We developed a measurement template as a fillable form for Domain team members to provide information on the name of proposed measure, a summary description of the measure, the type of data collection for the measure, the measurement target, the respondent, the exposure or outcome measure, the age band of the measurement target, the mode of administration, the location of administration, the estimated time to administer, how the measure is scored, evidence for reliability and validity, whether the measure is an existing measure and if there are fees associated with use, an adaptation of an existing measure or a new measure, and special conditions for administration. The template was created to ensure consistency, avoid redundancy, and evaluate the quality of proposed items and instruments.

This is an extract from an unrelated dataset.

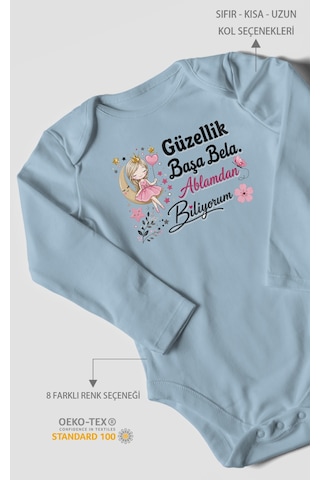 Morivokids Güzellik Başa Bela Ablamdan Biliyorum Uzun Kollu Bebek Body %100 Pamuk Bebe Mavisi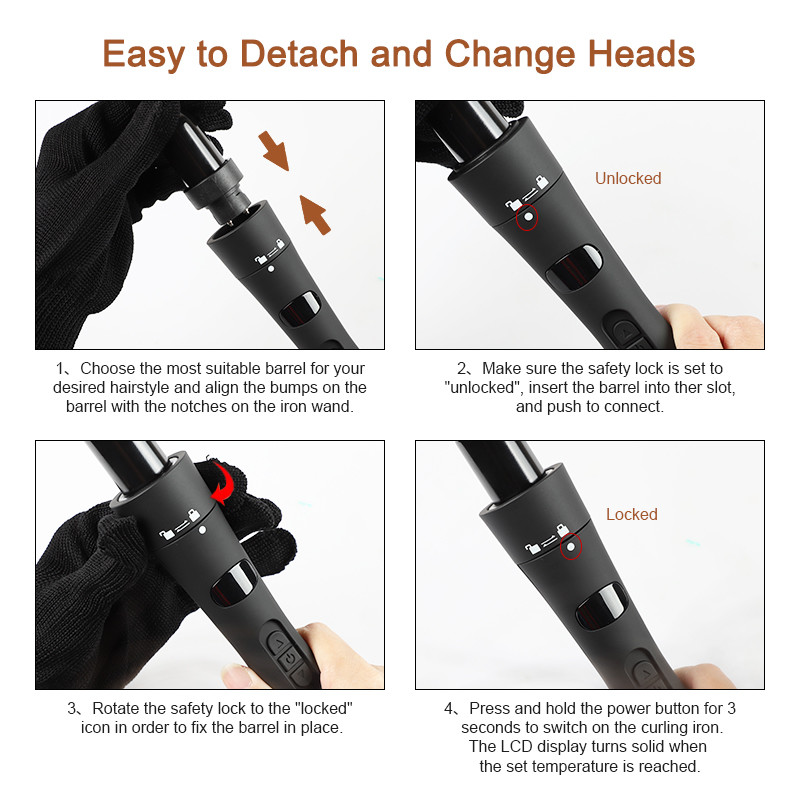 Ceramic Tourmaline Barrels Interchangeable Curling Iron Set LCD Temp Control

Guidance provided in the key aspects of measures document was intended to generate NCS measures that were psychometrically sound, practical (i.e., as parsimonious as possible), preferably free of intellectual property constraints (3), clear and easy to understand, and applicable across the lifespan (e.g., transition to adulthood). While the recommendations listed in Tables 1, 2 are targeted at outcome measures, they are generally applicable to all the proposed NCS measures. The implementation of common standards across a diverse and comprehensive set of exposure and outcome measures is a major strength of the study.
Key Aspects of Measures
Measures are only valid if the participants in a study can understand what is being asked of them and can provide a response that accurately reflects their experiences, perspectives, abilities and/or levels of development. It is critical that questions and response options be clear and easy to understand. Qualitative testing of measures (e.g., cognitive interviews to evaluate if the wording of survey items are understood by respondents) should, whenever possible and appropriate, include individuals with a broad range of literacy and educational level. The key aspects of measures are: (1) Conceptual Framework and Measurement Model; (2) Reliability; (3) Validity; (4) Measurement Invariance; (5) Interpretability of Scores; and (6) Burden of administration.

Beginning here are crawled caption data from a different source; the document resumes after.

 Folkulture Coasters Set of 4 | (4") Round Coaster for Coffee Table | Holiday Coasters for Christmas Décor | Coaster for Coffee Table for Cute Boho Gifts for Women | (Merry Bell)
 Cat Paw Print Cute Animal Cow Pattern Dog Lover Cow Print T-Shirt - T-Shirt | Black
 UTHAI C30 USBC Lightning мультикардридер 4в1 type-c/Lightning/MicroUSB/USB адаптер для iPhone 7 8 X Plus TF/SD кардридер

Conceptual Framework and Measurement Model
The first key property of a measure is the conceptual framework and measurement model for the construct to be measured and the mapping of items in the measure to the construct. This means there should be documentation of the concepts represented in a measure and the intended target of the measurement. In addition, evidence supporting the way elements of the measure are used to create scores need to be provided. That is, an instrument's “scoring strategy” (e.g., total scores, scale scores) needs to be empirically supported, whenever possible, through analyses such as hierarchical clustering (4, 5), or item-level factor analyses. Such analyses could include confirmatory factor analysis, but exploratory analyses could be conducted with the goal of identifying all sources of common variance, and local dependence violations that may impact scoring. It is important to note that the identification of multidimensionality, per se, does not necessarily vitiate the ability of a researcher to produce a meaningful scale score (6, 7).

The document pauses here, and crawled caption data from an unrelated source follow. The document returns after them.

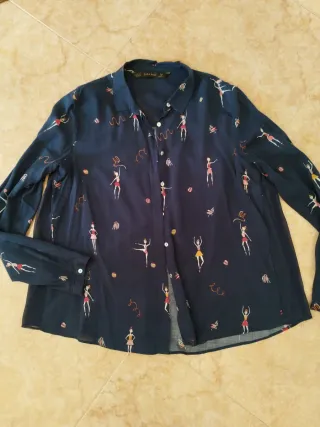 Blusa Zara mujer estampado bailarinas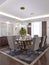 Luxurious dining room with a large table and soft chairs in a classic apartment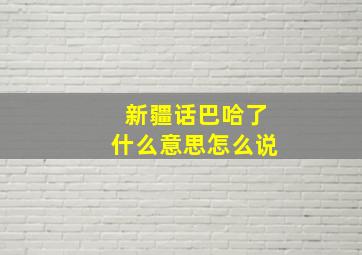 新疆话巴哈了什么意思怎么说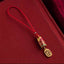 Koi Fish Cinnabar Ruyi Phone Charm – red cinnabar koi paired with gold ruyi charm and woven cord, wish phone decor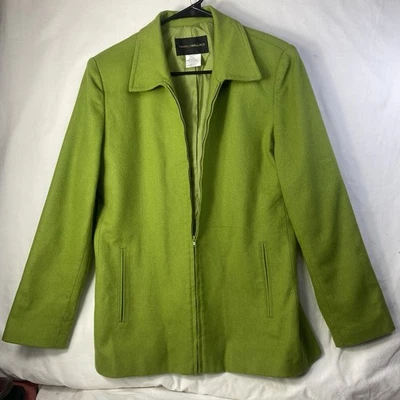 Chaqueta Harris Wallace Mujer Talla 6 Chartreuse Verde Cremallera Mezcla Lana Completamente Forrada Foto 1 de 4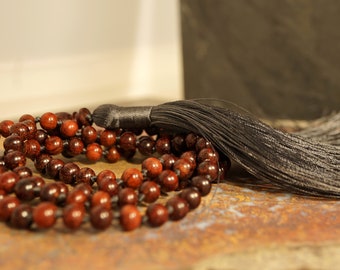 6mm Red Sandalwood Hand Knotted Mala Prayer Beads with a Charcoal Gray Tassel 0241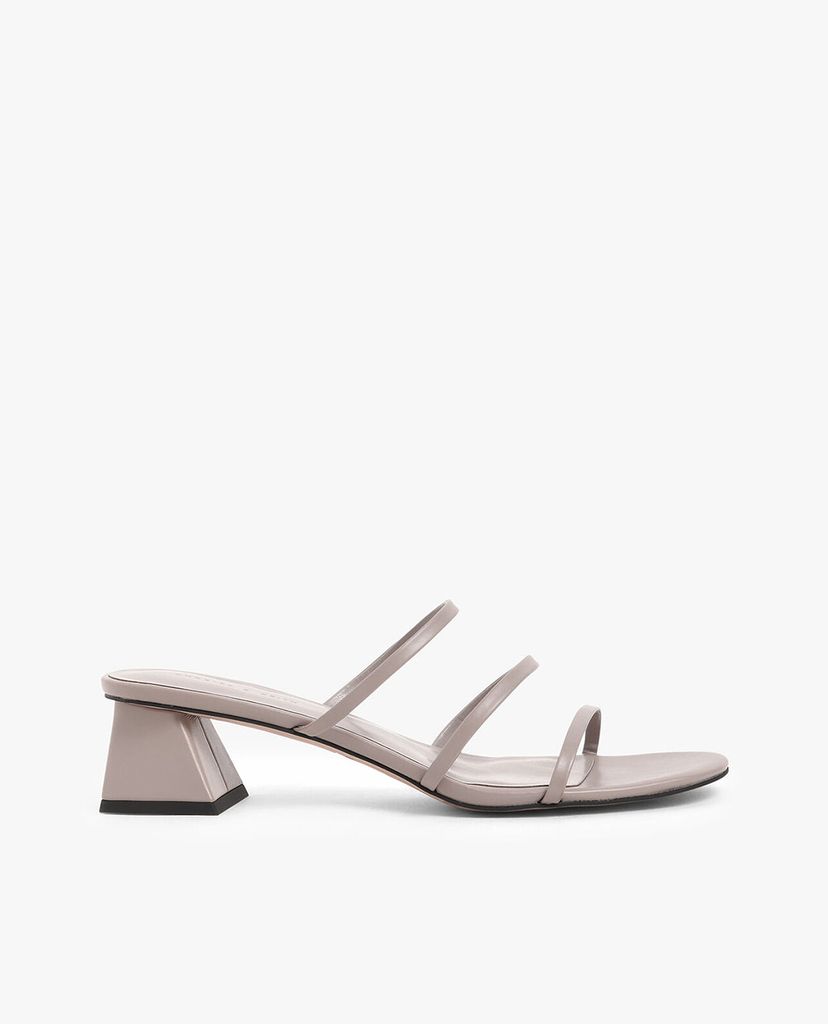 CHARLES & KEITH - Giày sandals cao gót đế vuông Triple Strap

For the NCS, conceptual and measurement models were to be included as feasible for all the measures.
Reliability
The second key aspect of measurement is reliability, or the extent to which a measure yields a similar score when the target of the measure has not changed. Reliability can be estimated by using Cronbach's coefficient alpha (internal consistency reliability), test-retest reliability, and inter-rater reliability. Reliability and intraclass correlation formulas in terms of sources of variance (mean squares, MS) are provided in Table 3. The common element of reliability estimation is some form of replication of measurement. The reliability column provides estimates for the average of the replicated measures (e.g., multiple items assessing the same domain) while the intraclass correlation column provides estimates for a single measurement (e.g., for the “average” single item in a multiple-item scale, or the average rater).
Table 3 shows reliability and intraclass correlation formulas included in the Key Aspects of Measures document.
Internal consistency reliability is estimated using the two-way mixed model formula appearing in the reliability column of Table 3. That is, between- respondent variance is compared to the interaction between respondents and the items in a multiple-item scale. Note that concerns have been expressed regarding the reliance on alpha as an index of reliability (5, 8). One major concern is that alpha reflects the reliability of a unit-weighted composite and is influenced by all sources of common variance. Thus, if the measure is multidimensional, alpha will not reflect how well the scores reflect true standing on a single construct. In such cases, Revelle and Zinbarg (5) suggest indices such as coefficient omega hierarchical as an alternative to alpha. Researchers need to be clear about what their reported reliability indicates—the percent of reliable variance of a multidimensional composite, or the degree to which observed scores reflect true variation on a single construct. For uses in longitudinal measurement of the construct, test-retest reliability may be important to estimate, and normative standards for “normal variability” (including models of practice effects for ability assessments) will be important to provide so users can determine how much test- retest change is meaningful.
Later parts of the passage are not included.